◆ AIM OF THE TASK
Print every entry again exactly, with no pictures.

___ THE INPUT

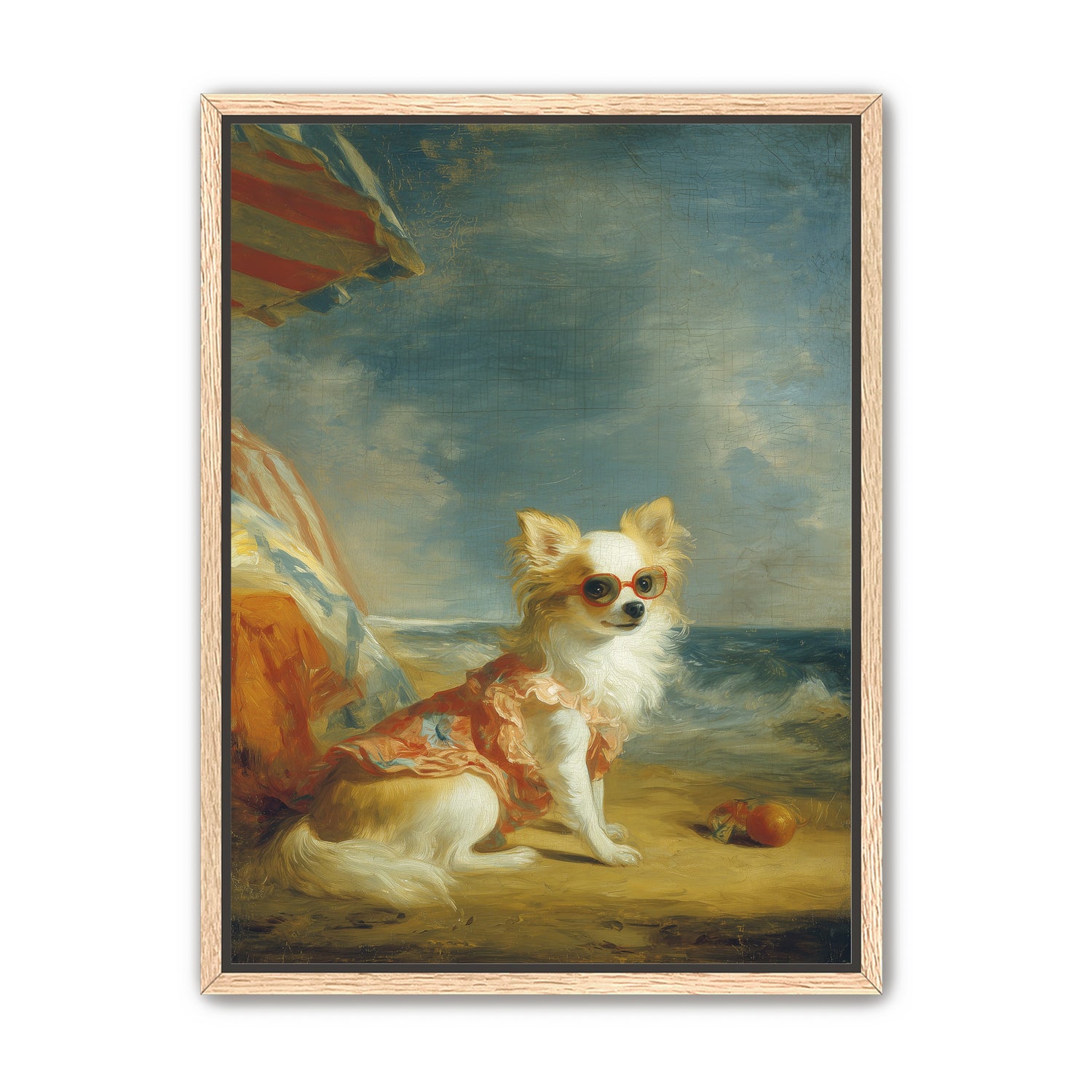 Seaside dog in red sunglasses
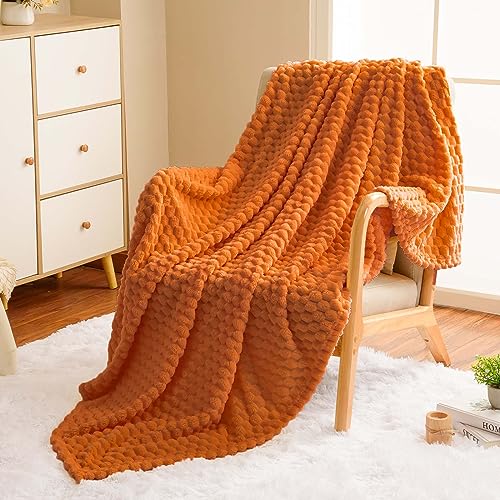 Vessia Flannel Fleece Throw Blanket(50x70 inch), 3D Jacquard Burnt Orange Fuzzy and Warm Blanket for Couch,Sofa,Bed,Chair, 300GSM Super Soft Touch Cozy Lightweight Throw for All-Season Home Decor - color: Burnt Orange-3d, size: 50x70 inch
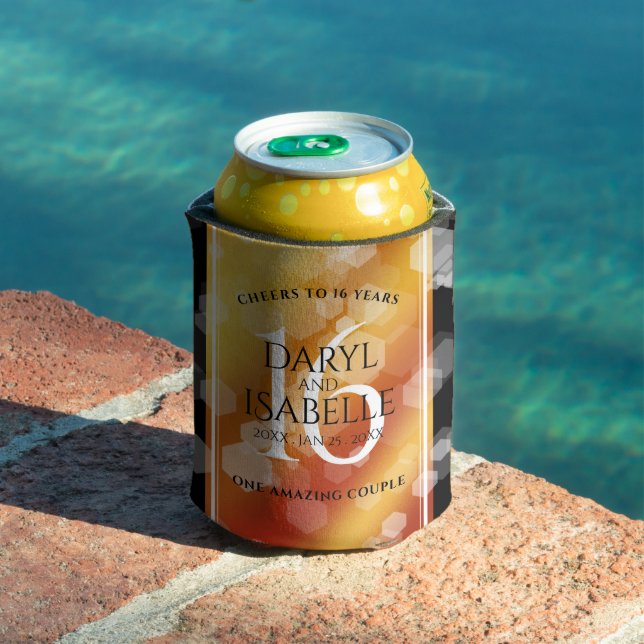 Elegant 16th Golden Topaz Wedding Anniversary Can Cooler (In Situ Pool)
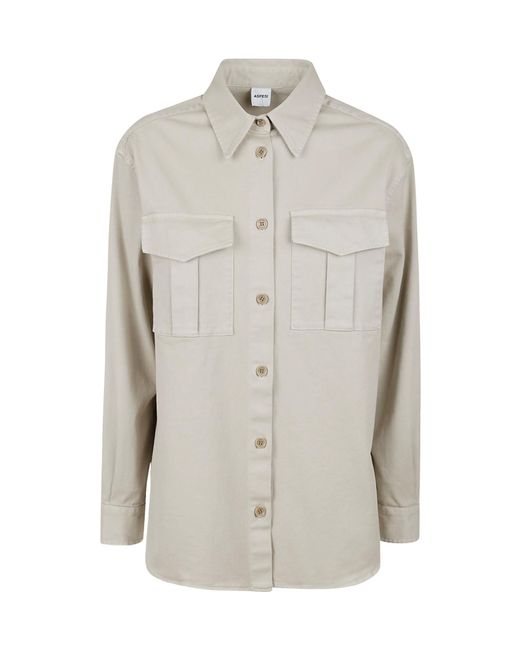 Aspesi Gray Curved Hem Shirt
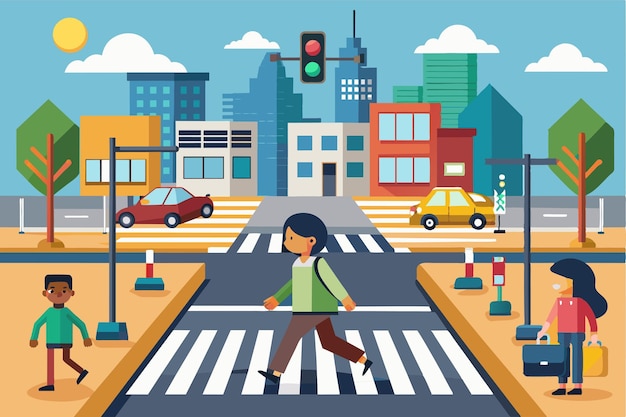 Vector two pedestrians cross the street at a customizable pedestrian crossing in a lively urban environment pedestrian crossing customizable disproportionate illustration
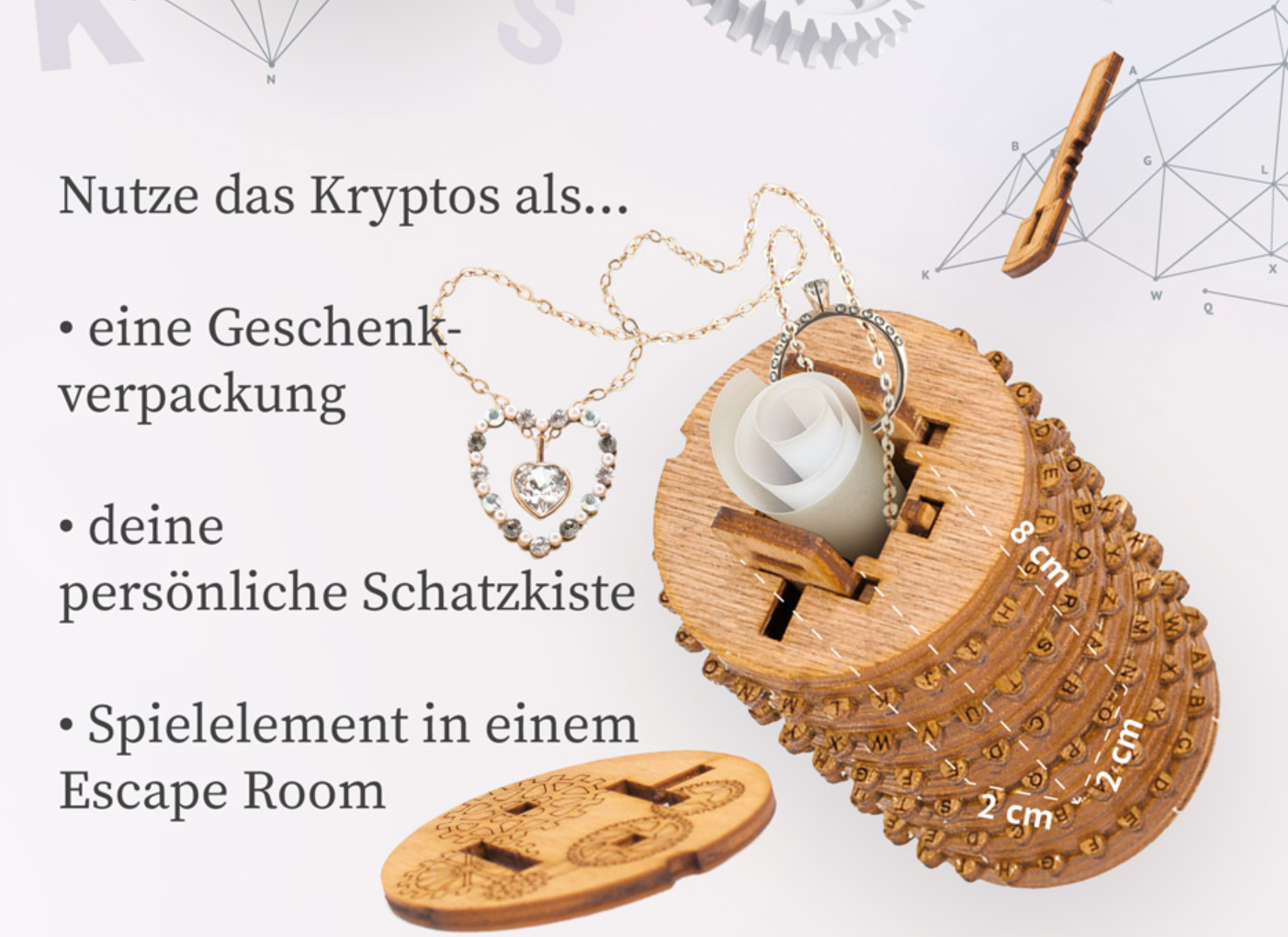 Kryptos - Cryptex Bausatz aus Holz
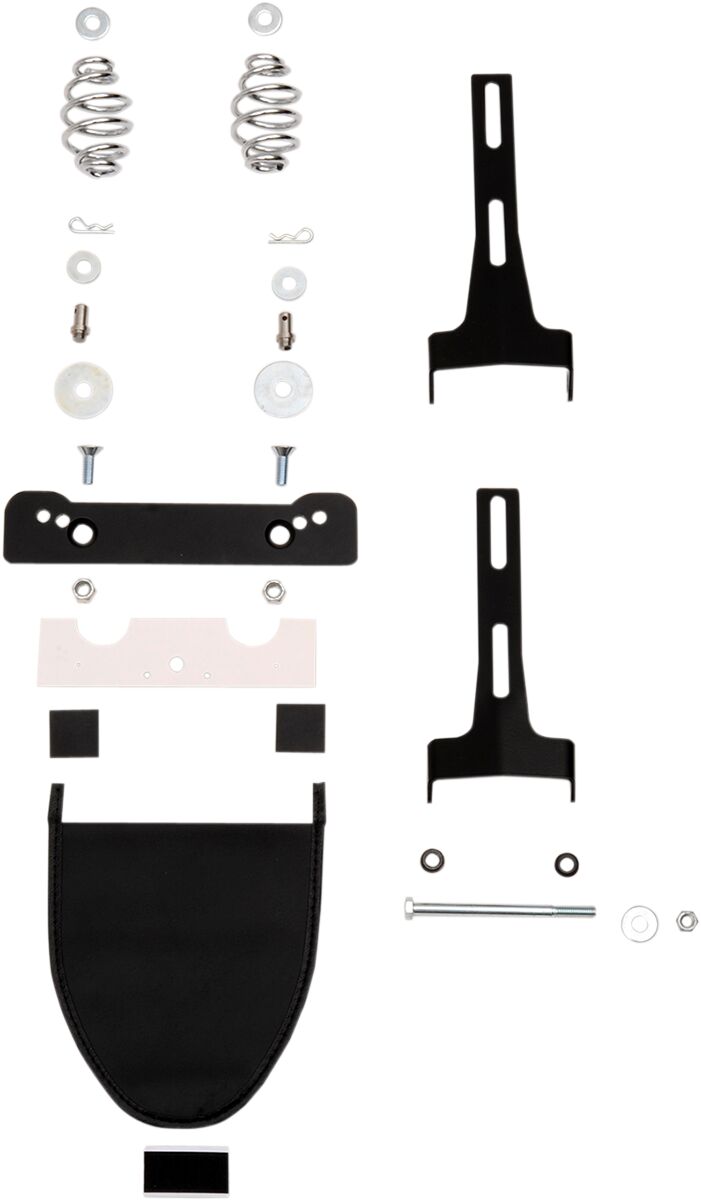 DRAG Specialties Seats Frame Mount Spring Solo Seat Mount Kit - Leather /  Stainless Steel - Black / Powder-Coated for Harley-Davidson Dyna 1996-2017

______

◆ EXERCISE SOLUTION
 Seaside dog in red sunglasses
 Vessia Flannel Fleece Throw Blanket(50x70 inch), 3D Jacquard Burnt Orange Fuzzy and Warm Blanket for Couch,Sofa,Bed,Chair, 300GSM Super Soft Touch Cozy Lightweight Throw for All-Season Home Decor - color: Burnt Orange-3d, size: 50x70 inch
 Elegant 16th Golden Topaz Wedding Anniversary Can Cooler (In Situ Pool)
 Aspesi Gray Curved Hem Shirt
 Vector two pedestrians cross the street at a customizable pedestrian crossing in a lively urban environment pedestrian crossing customizable disproportionate illustration
 Kryptos - Cryptex Bausatz aus Holz
 DRAG Specialties Seats Frame Mount Spring Solo Seat Mount Kit - Leather /  Stainless Steel - Black / Powder-Coated for Harley-Davidson Dyna 1996-2017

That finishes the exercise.